Joel wird zugeben, dass er manchmal so in ein Spiel mit seinem 15-jährigen Bruder Otto, PlayStation 3, vertieft ist, dass er seine Mutter möglicherweise nicht von unten rufen hört. "Manchmal ignoriere ich sie", sagt er. "Gelegentlich" hört er sie nicht einmal. "Ich verbringe wahrscheinlich zu viel Zeit vor der PS3." Was hält er für zu viel Zeit? "Mehr als ein paar Stunden am Tag."

Seine Mutter Helen sagt: "Sie spielen diese schrecklichen Tötungsdinge wie Call of Duty und Skateboard-Spiele." Call of Duty wird mit 18 bewertet, aber wie viele Eltern mit älteren Jungen (Oscar ist 18) wäre es für Helen schwierig, das Spiel ihrer jüngeren Söhne zu stoppen. „Nun, ich habe es nicht gekauft. Ich kann mich nicht erinnern, wie wir es bekommen haben «, sagt Joel. "Aber das Spiel, das wir am meisten spielen, ist wahrscheinlich die FIFA." Ich war eigentlich schon eine Weile nicht mehr im Einsatz. «

Helen versucht, Joels Zugriff auf PS3 und die anderen Bildschirme im Haus zu überwachen, aber sobald er seine Hausaufgaben gemacht hat, geht er in der Regel von einem elektronischen Ding zum nächsten über. Sie sagt, sie wäre besorgter, wenn das Spielen von Computerspielen das einzige Hobby ihres Sohnes wäre, "aber Joel verbringt viel Zeit damit, mit seinen Freunden Kontakte zu knüpfen, Fußball für einen lokalen Verein zu spielen und einmal pro Woche Kickbox-Training zu absolvieren."
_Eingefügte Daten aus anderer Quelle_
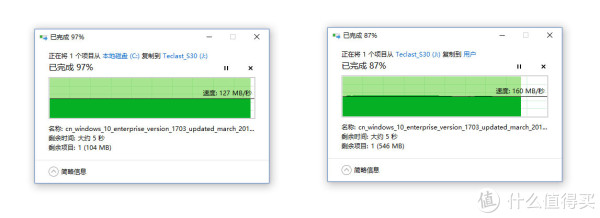 ▲在家里的pc上实际传输文件的速度如上图，可以看到传输速度非常的稳定，官方宣用的是MLC颗粒，这点值得肯定。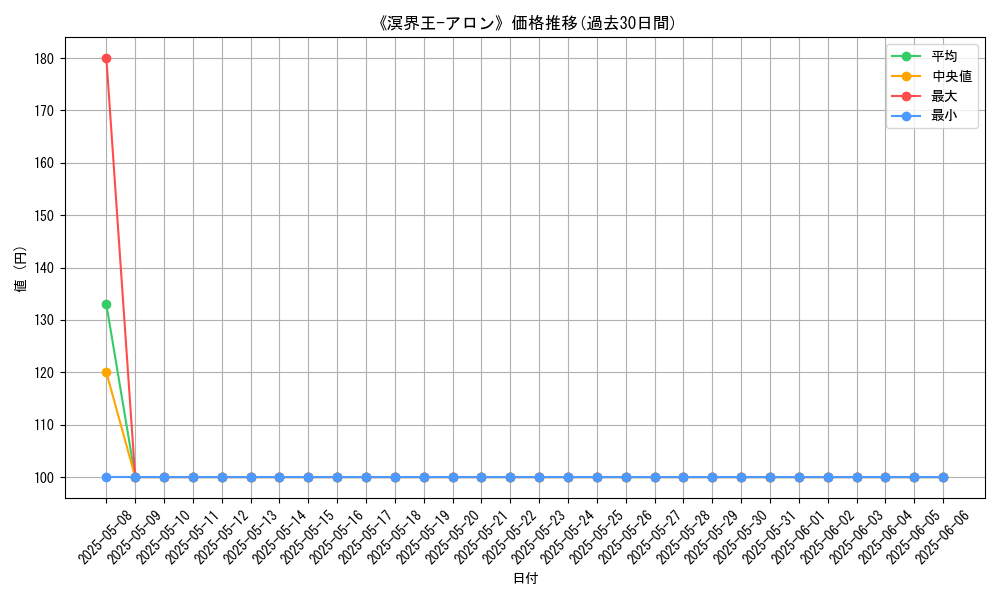 graph_card_110178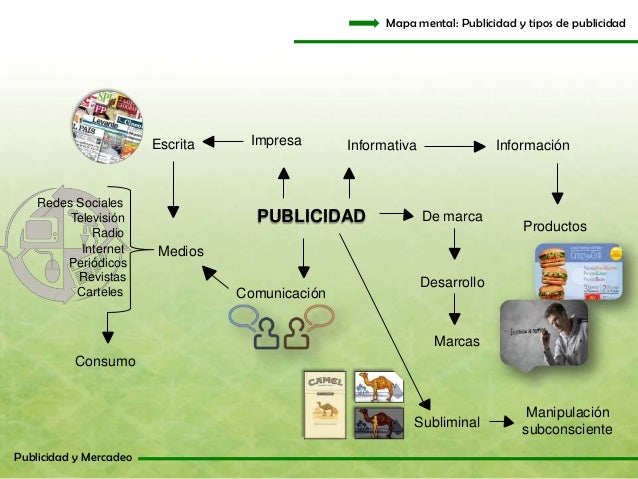 Publicidad y Mercadeo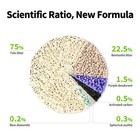 Petkit Clump  Tofu   Clay Mixed Cat Litter  Fast Clumping  Odor Control  Low Dus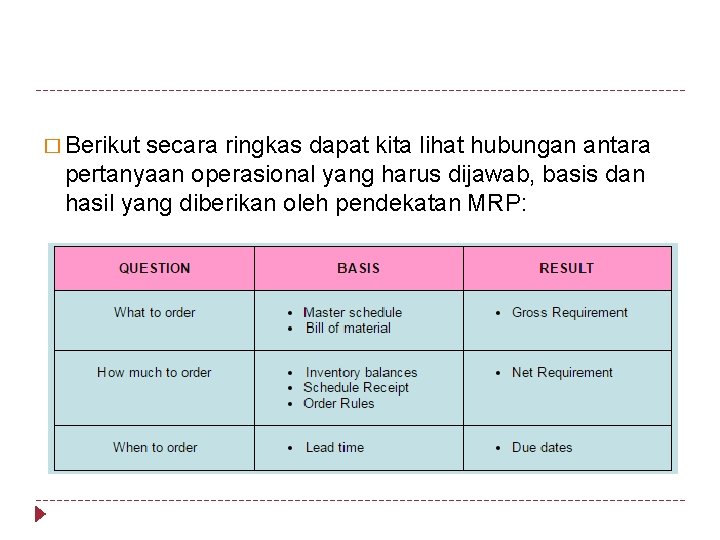 � Berikut secara ringkas dapat kita lihat hubungan antara pertanyaan operasional yang harus dijawab,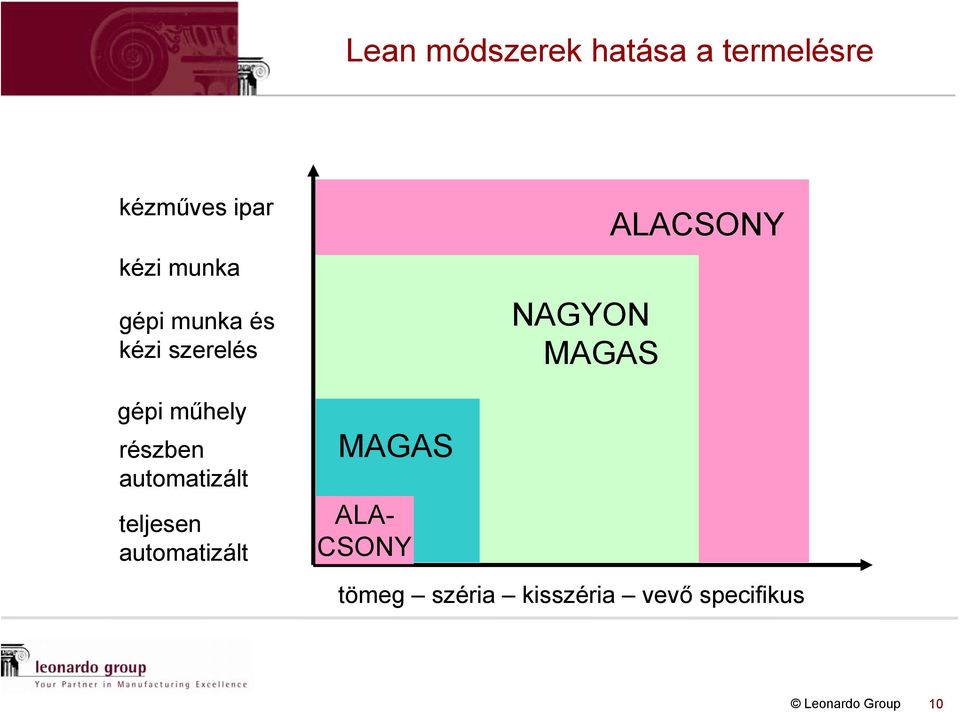 automatizált teljesen automatizált MAGAS ALA- CSONY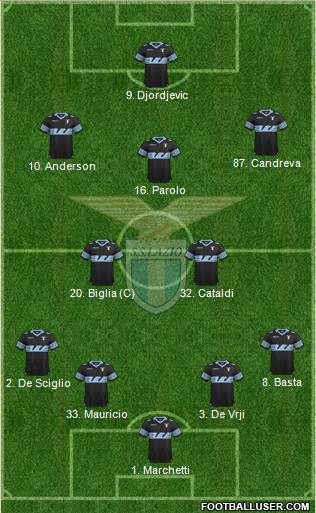 S.S. Lazio 4-5-1 football formation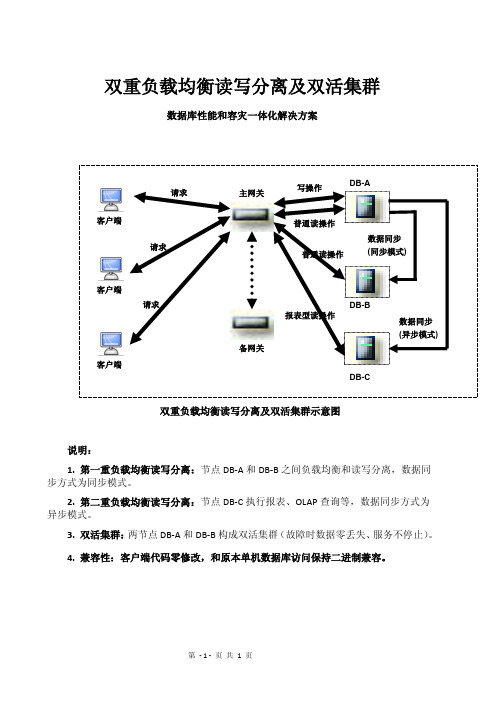 数据库双重负载均衡读写分离及双活集群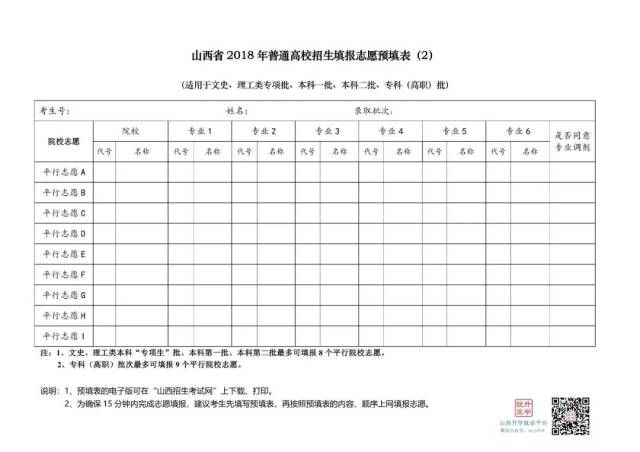 1015加油季●高考志愿填报表及操作指南!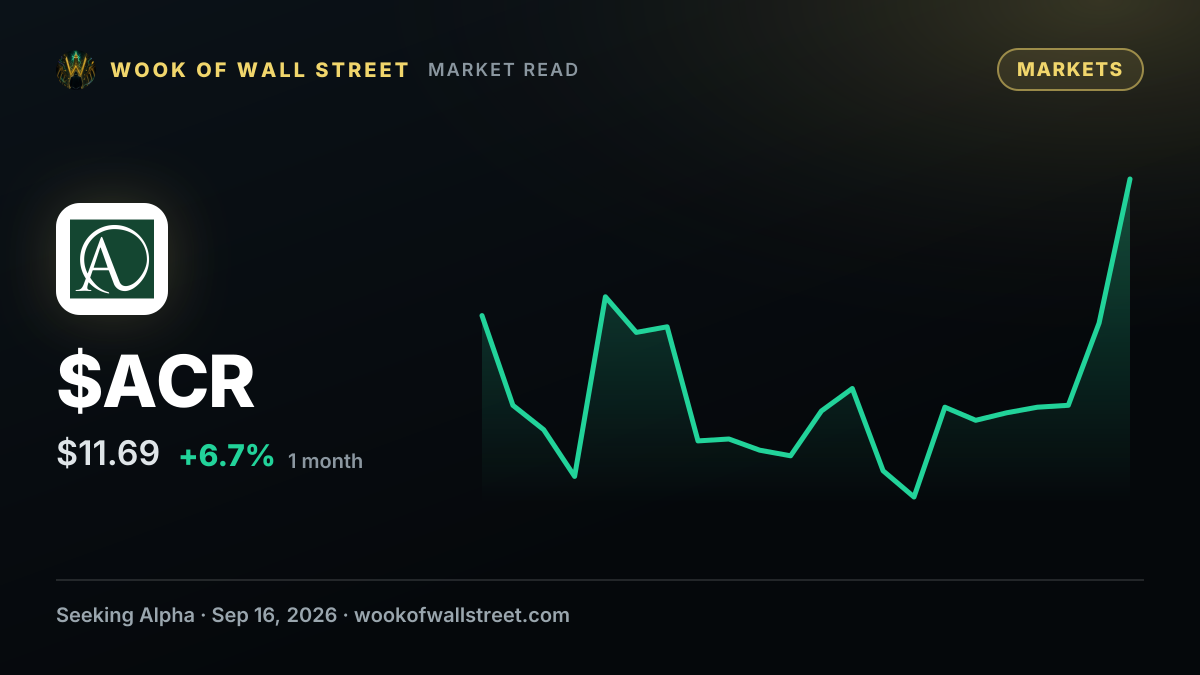 ACRES Commercial Realty Corp. 7.875 CUM PFD D declares $0.4922 dividend — $ACR one-month chart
Es gibt keine Regeln, wann er sein BlackBerry verwenden kann (er hat auch einen eigenen iPod Touch, Nintendo DS und einen Laptop), sodass er 24 Stunden am Tag mit dem Internet und seinen Freunden verbunden sein kann. Er benutzt es meistens, um seinen Freunden Nachrichten zu schicken, und er benutzt seinen Laptop oder den Familiencomputer, um online zu gehen. Er verbringt ungefähr eine halbe Stunde am Tag auf Facebook und besucht YouTube "oft", um sich lustige Clips anzusehen. Er ist ein Fan des YouTube-Kanals 'Smosh', der jeden Freitag Comic-Sketche von zwei 25-jährigen Amerikanern überträgt. "Sie spielen verschiedene Szenarien aus, die sehr, sehr lustig sind", sagt er.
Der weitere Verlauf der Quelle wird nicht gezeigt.